Only a handful of jurisdictions have enacted AI in hiring laws at present, and some of these laws have not yet taken effect. Regardless, employers should be aware of the trend and take note of the provisions unique to each law, Kaplan said. New York City, often at the leading edge of employment law, is once again a jurisdiction of note in this regard. The city’s law requires deployers of AI solutions to, among other things, conduct regular bias audits of such tools and provide at least 10 days of notice to employees or job applicants prior to their use.

The ACLU, however, takes the perspective that such regulations do not go far enough to install needed protections, Akselrod said. New York’s bias audit requirement, for example, is “quite narrow” in terms of which protected groups it covers, she continued, and employers should not assume that compliance with the city’s audit requirement — or even positive findings from such an audit — mean that a given tool complies with federal laws like Title VII.

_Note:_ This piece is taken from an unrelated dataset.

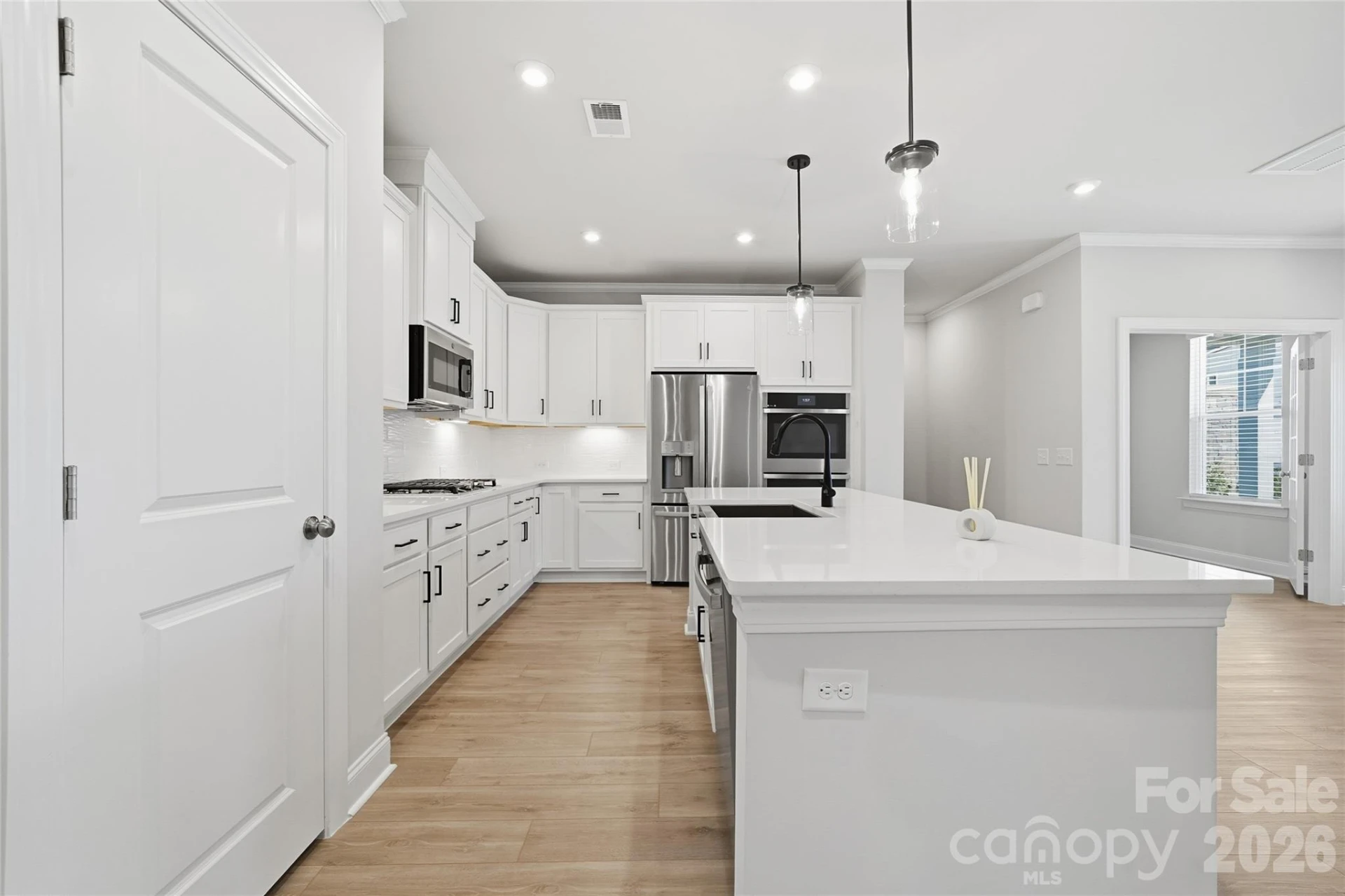 1845 Viewfield Road - Photo 13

“So far, unfortunately, I don’t think the local or state legislation that we’ve seen passed is sufficiently robust to protect from discrimination and address the discrimination that we’re already seeing from the application of these tools,” Akselrod said, “nor is it sufficiently robust to even uncover discrimination that may be occurring that would subject the employer to liability under Title VII.”

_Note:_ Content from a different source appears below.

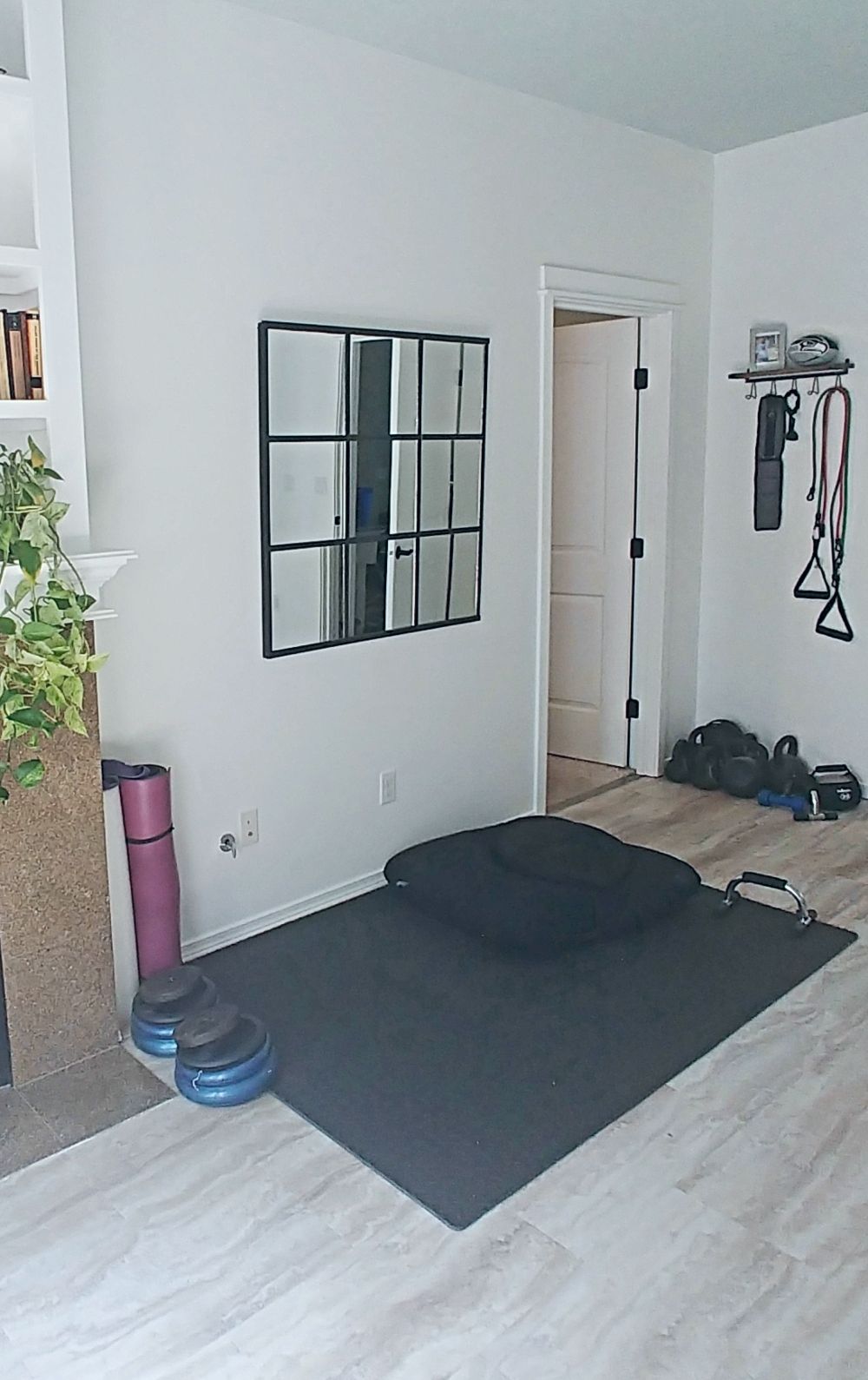 DIY Grid Style Home Gym Mirror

Aside from state and local laws, there has been plenty of commentary from federal regulators on AI’s potential for discrimination. Shivers noted that the EEOC, the U.S. Department of Labor and the Office of Federal Contract Compliance Programs have all issued statements on AI. DOL announced one such guidance document in May, outlining eight “AI Principles for Developers and Employers” that included a call to ensure AI does not violate anti-discrimination protections.

“With AI, what we’re seeing is a significant expansion, where Title VII was passed so long ago and never entertained some of these things, but now the law is being interpreted and we’re getting guidance from these agencies and their enforcement priorities,” Shivers said. Pending Supreme Court decisions on federal agency authority could significantly affect how such guidance is enforced, she added.

Akselrod said regulators could do more in the way of issuing more detailed regulations to ensure anti-discrimination laws are applied to AI, but employers also need to think about their potential exposure to liability and vet any tools they do use.

Vendors may claim that AI tools have the potential to increase equity in the hiring process, but “that is not what we are seeing in practice at all,” Akselrod said. “To the extent that these tools could ever potentially have that kind of impact, it’s going to require far greater investment in AI crafting tools that further that process [as well as] auditing and government oversight.”